Why does the WWW work so well? How can we run so many
applications over the Internet at the same time? How do we know
that our data has been received? How does the data
actually know how to get to a certain destination? Well, it’s to
do with TCP , IP and routing protocol s . These three parts make the whole of the Internet work, and
work reliably. The IP part is responsible for getting the data packets
from the source to the destination (using the IP address ), the TCP part is then responsible for sending the data to the
required application program (using TCP sockets and sequence number
s), and the routing protocols are responsible for passing on
information about how to get to destinations (using
protocols such as RIP ). Isn’t it wonderful how a user can
run a few WWW browsers, a TELNET session, an FTP session, a video
conferencing session,
and it all works, seamlessly, even if there are multiple destinations.

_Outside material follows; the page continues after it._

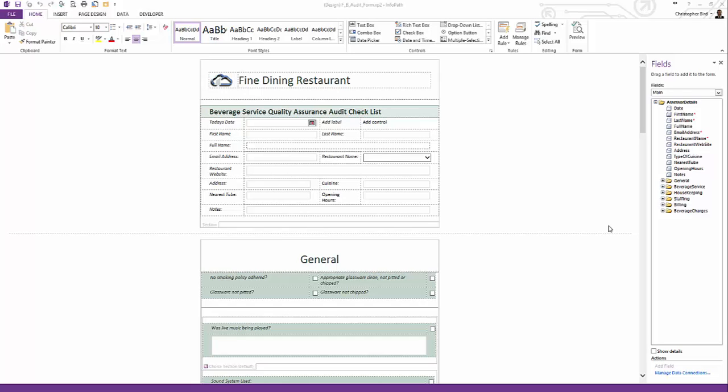I begin by showing you the form you and I are going to develop. InfoPath has two parts, so to speak. One is InfoPath Designer, the other is the filler. Currently you are viewing the Designer module. Designer allows us to develop the form. The second component, InfoPath Filler, is the part end users use to fill in the form.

Well it’s really Mr IP who’s sending the data to the right place,
and deciding if the data on the network is for them, and Dr TCP
who either tags all the outgoing data and clearly identifies the
virtual connection, or reorders and passes the received data to
the required application. But, Dr TCP is no egg-head who lives in
the realms of academia, he makes sure that all the data is properly
received, and makes sure that anything that he sends, he gets a
signed receipt for. If he doesn’t get a receipt, he’ll resend his
data. But, what if the place that he’s sending the data has blown-up,
or there’s a postal strike. Well Dr TCP has that side covered also,
he sends the data again, and then waits for a time-out period. If
no data is received, he gives up.
TCP and IP unite the world and allow everyone
in the world to communicate, no matter which computer they use,
which operating system they are running, which language
they speak, or which network they use. It fits onto virtually every
type of networking technology. It’ll work with Ethernet ,
ATM (although with some difficulty), FDDI ,
ISDN , Modems , RS-232 , blah, blah, blah.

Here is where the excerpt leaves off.